Plumlee: I can give an overview of how I look at this as an investor in the PBM space. Three companies control about 75% of a multibillion dollar market. Several initiatives have been pursued politically to provide transparent pricing between these PBMs and pharmaceutical companies, and a lot of people are pointing fingers, but ultimately, drug prices just keep going up. Everybody knows it.
A couple of start-up founders are really set on bringing a competitive marketplace back to the pharmacy benefit manager. As an investor, when you see three people controlling a market, and you have small or medium PBMs that depend on aggregators to get competitive pricing with those big three, you get interested. It’s an interesting industry. My feeling is that somebody is going to disrupt it and bring competition back to that space. Ultimately, drug prices will come down because it’s not sustainable. The insurance companies just accommodate whatever the drug pricing is. If the drug prices go up, your premiums go up. I think these new companies will be level-setting.
Henry: In my world of oncology, we’re just a little more than halfway through 2020 and we’ve had five, six, seven new drugs approved. They all will be very expensive. One of the nicer things that’s happening and may help to tamp this down involves biosimilars. When you go to CVS or Rite Aid, you go down the aspirin aisle and see the generics, and they’re identical to the brand name aspirin. Well, these very complex molecules we used to treat cancer are antibodies or proteins, and they’re made in nature’s factories called cells. They’re not identical to the brand name drugs, but they’re called biosimilars. They work exactly the same as the branded drugs with exactly the same safety–our U.S. FDA has done a nice job of vetting that, to be sure. X, Y, Z Company has copied the brand drug after the patent expires. They were hoping for about a 30% discount in price but we’re seeing more like 15%. Nothing’s ever easy. So you make a very good point. This is not sustainable and the competition will be wonderful to tamp down these prices.
Plumlee: My hope is that those biosimilars and generics get placement in these formularies because the formularies are what’s valuable to the drug manufacturers. But they have to accommodate what the Big Three want in the PBM space. To me, making things affordable and accessible is what a lot of these startups are trying to do. And hopefully they will win.
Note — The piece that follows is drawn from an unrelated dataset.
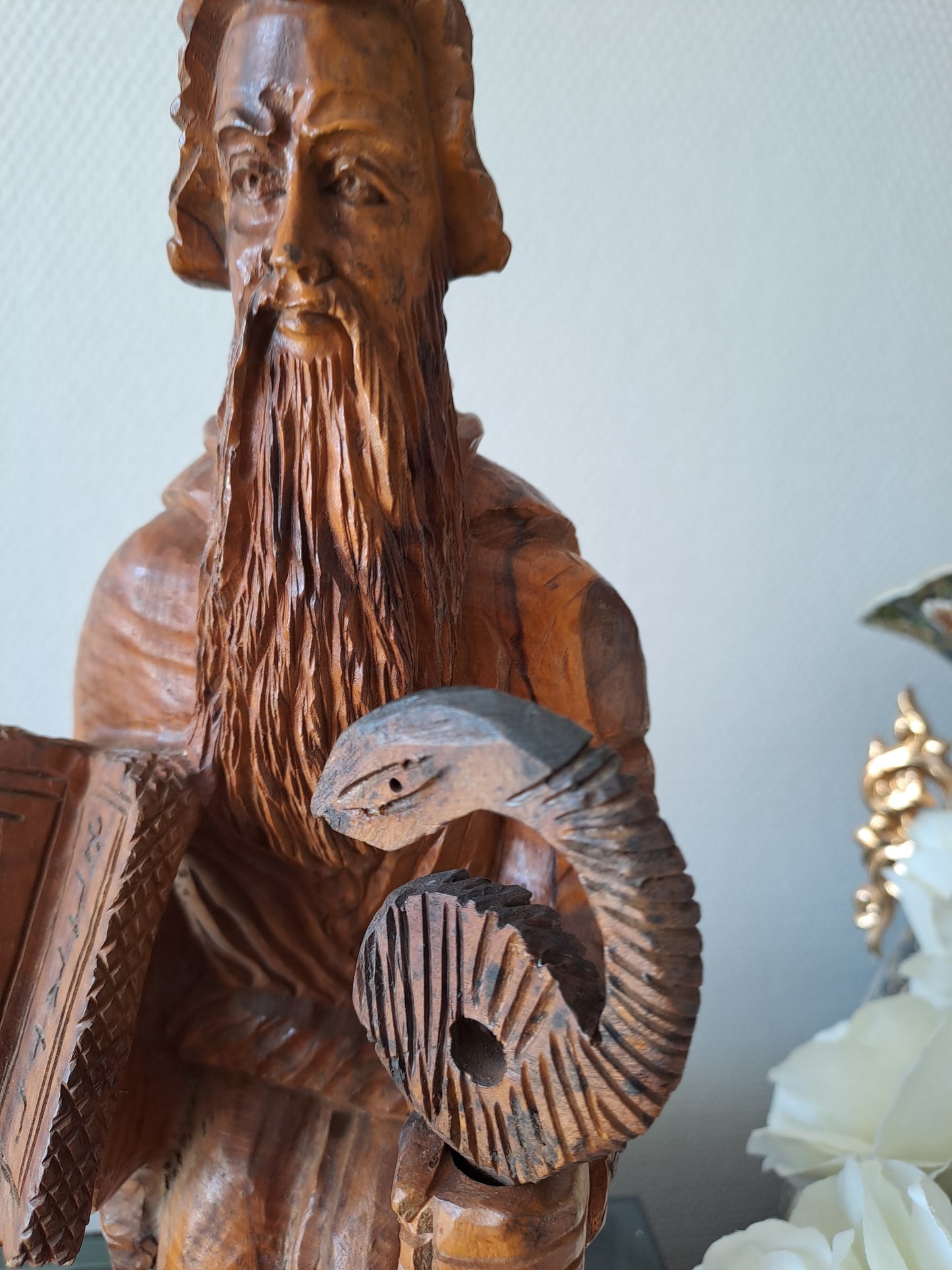Statue/ Sculpture en bois représentant Moïse avec les tables de la lois et le serpent d'airain. Ancien decoration vintage catholique.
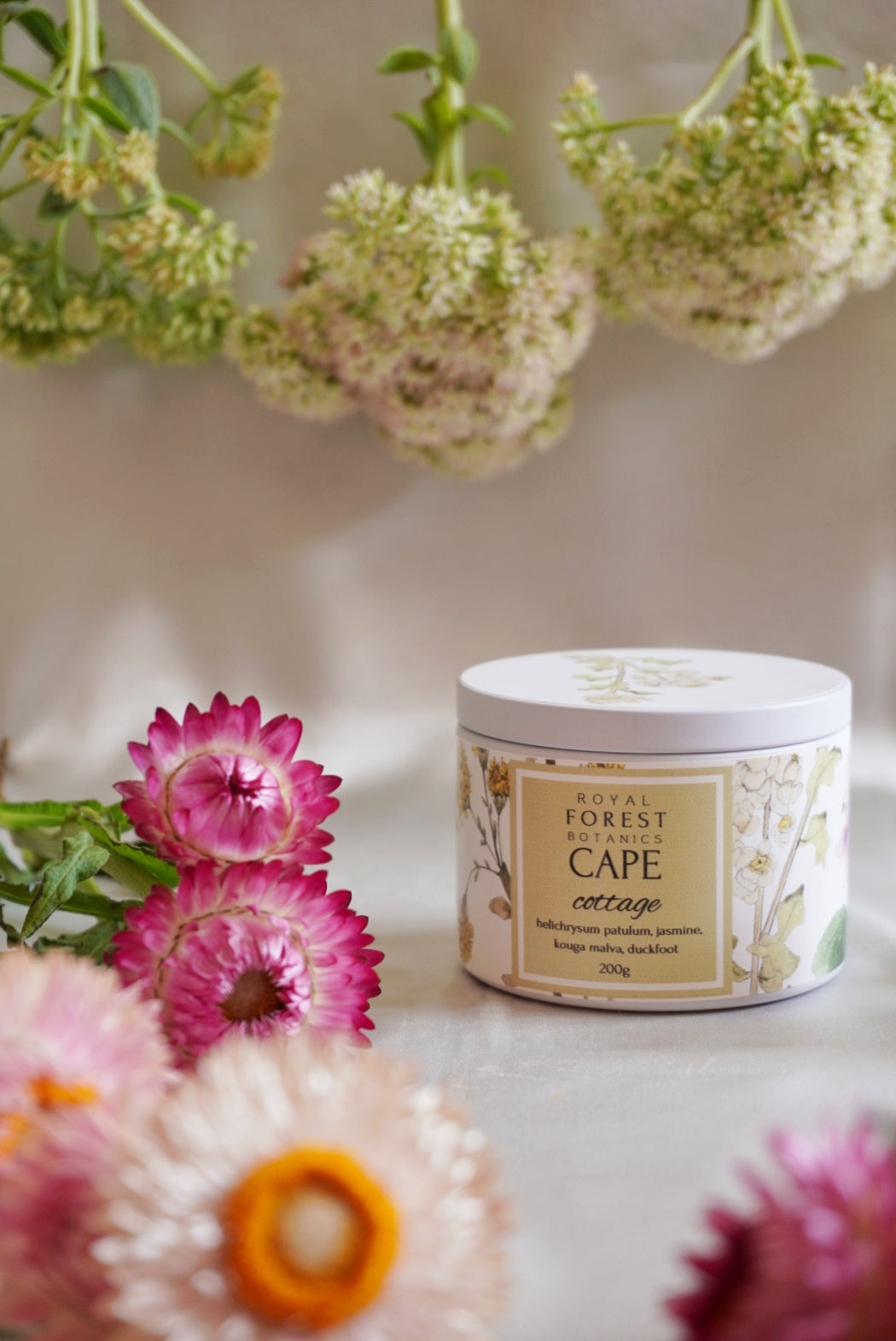 Cape Cottage Tin Candle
Henry: What have you been going through, in terms of COVID? Have you recovered fully? Have your taste and smell returned, and you’re back to normal?
Plumlee: I’m all good. It caught me off guard but the symptoms weren’t too intense. For me, it was less than a flu, but more than a cold. And I’m all good today.
Henry: We’re so glad and wish you the best of luck.
Dr. Henry is a clinical professor of medicine at the University of Pennsylvania and vice chairman of the department of medicine at Pennsylvania Hospital in Philadelphia and the host of the Blood & Cancer podcast. He has no relevant financial conflicts.
Mr. Plumlee is a board advisor to both Formsense and the Prysm Institute and a board observer with Voiceitt.